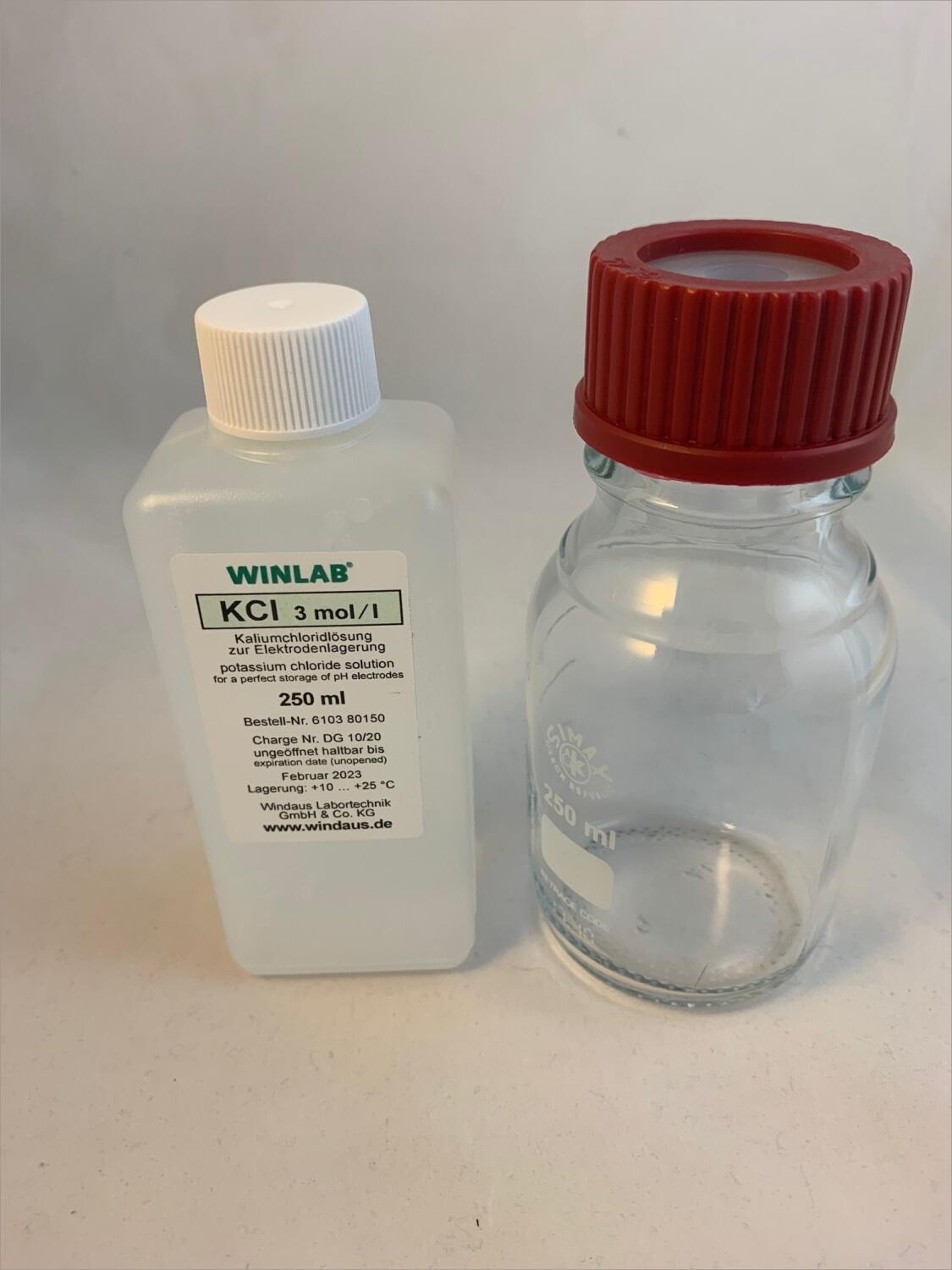 KCL-Lösung mit Sondenaufbewahrungsflasche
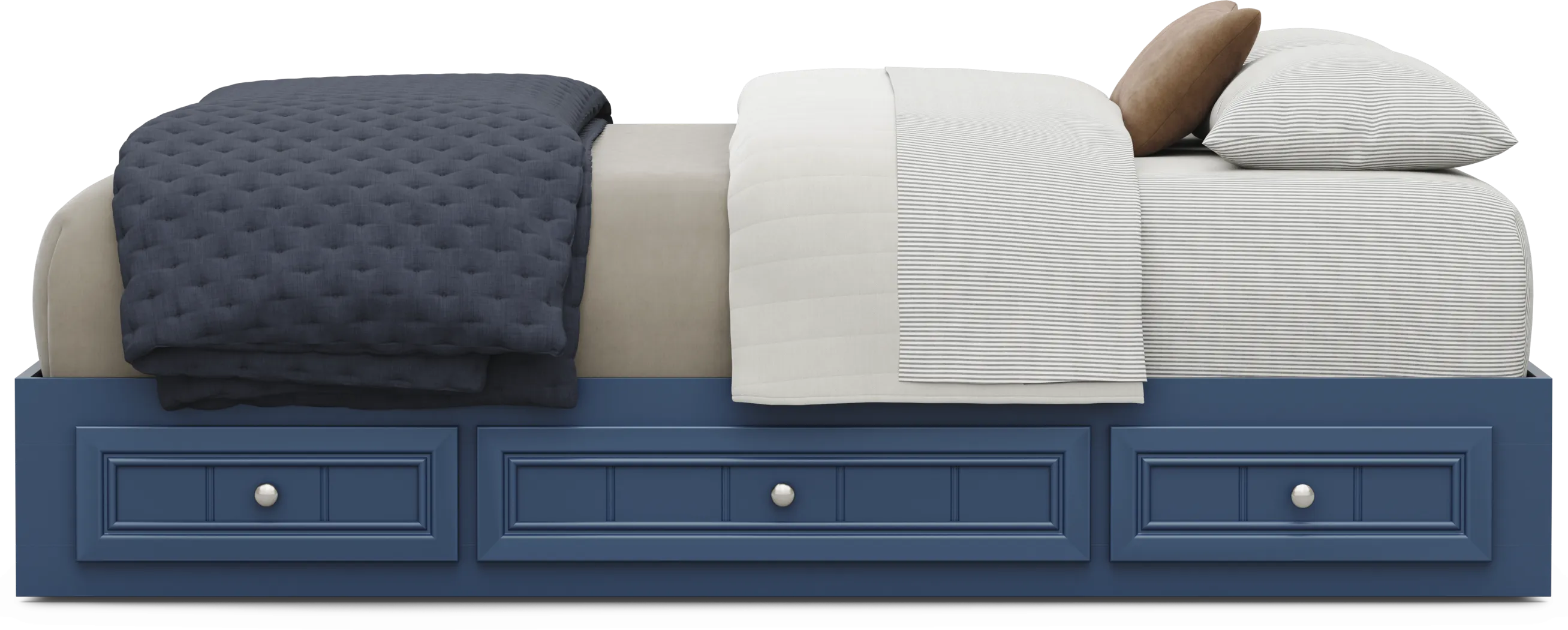 Kids Cottage Colors 2.0 Navy Full Platform Bed with 3 Storage Drawers - Thumbnail - Image 2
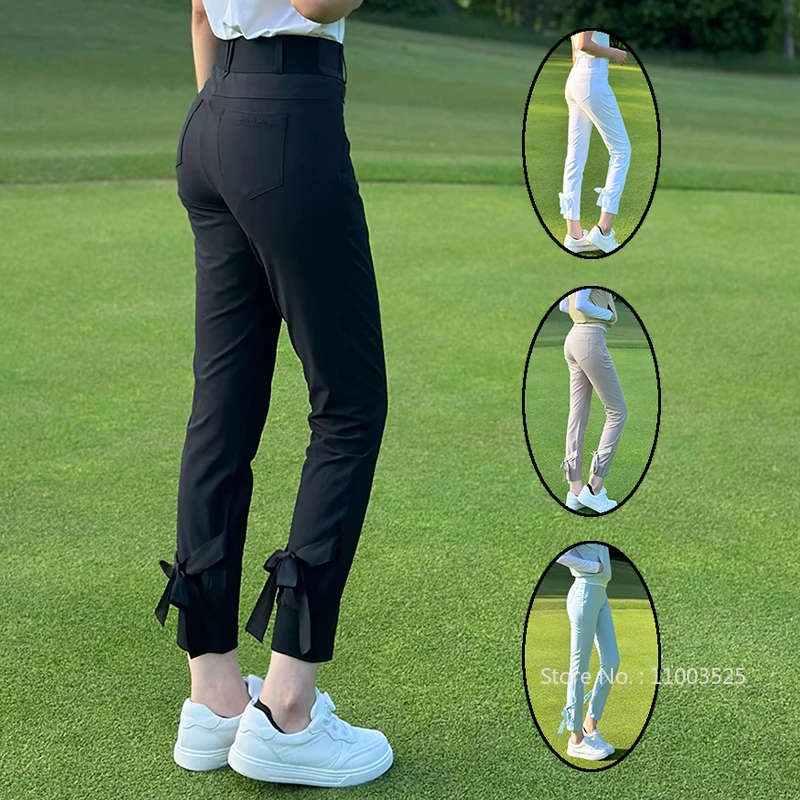 

SG женские новые брюки для гольфа с бантом, тонкие брюки с девятью точками и высокой талией, узкие прямые брюки, спортивные брюки для отдыха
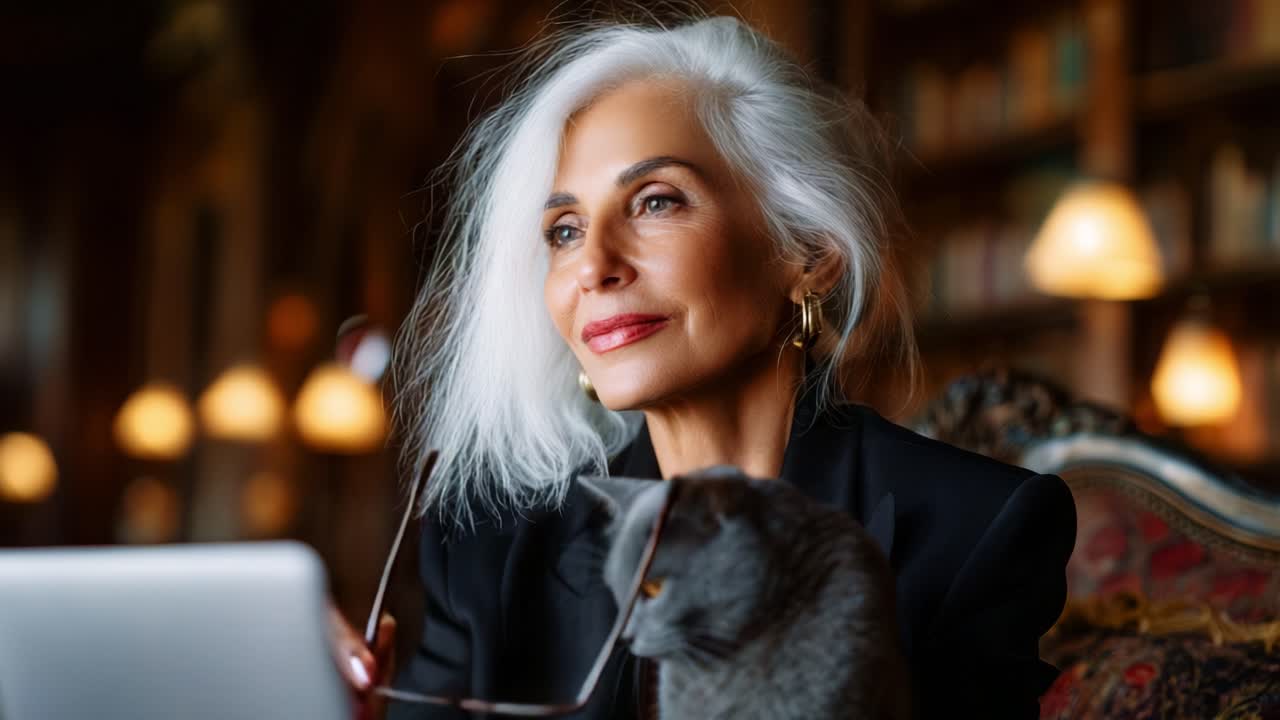 Un'elegante donna con sorprendenti capelli argentei si gode un momento di serenità mentre lavora al suo portatile, accompagnata da un gatto grigio in un ambiente bibliotecario accogliente e sofisticato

§ Task instructions
Only the lines from the first line of the data above through the line with "SG женские новые" should appear in the answer, retyped exactly, with every picture left out.

§ Exercise answer
 KCL-Lösung mit Sondenaufbewahrungsflasche
 Kids Cottage Colors 2.0 Navy Full Platform Bed with 3 Storage Drawers - Thumbnail - Image 2

SG женские новые брюки для гольфа с бантом, тонкие брюки с девятью точками и высокой талией, узкие прямые брюки, спортивные брюки для отдыха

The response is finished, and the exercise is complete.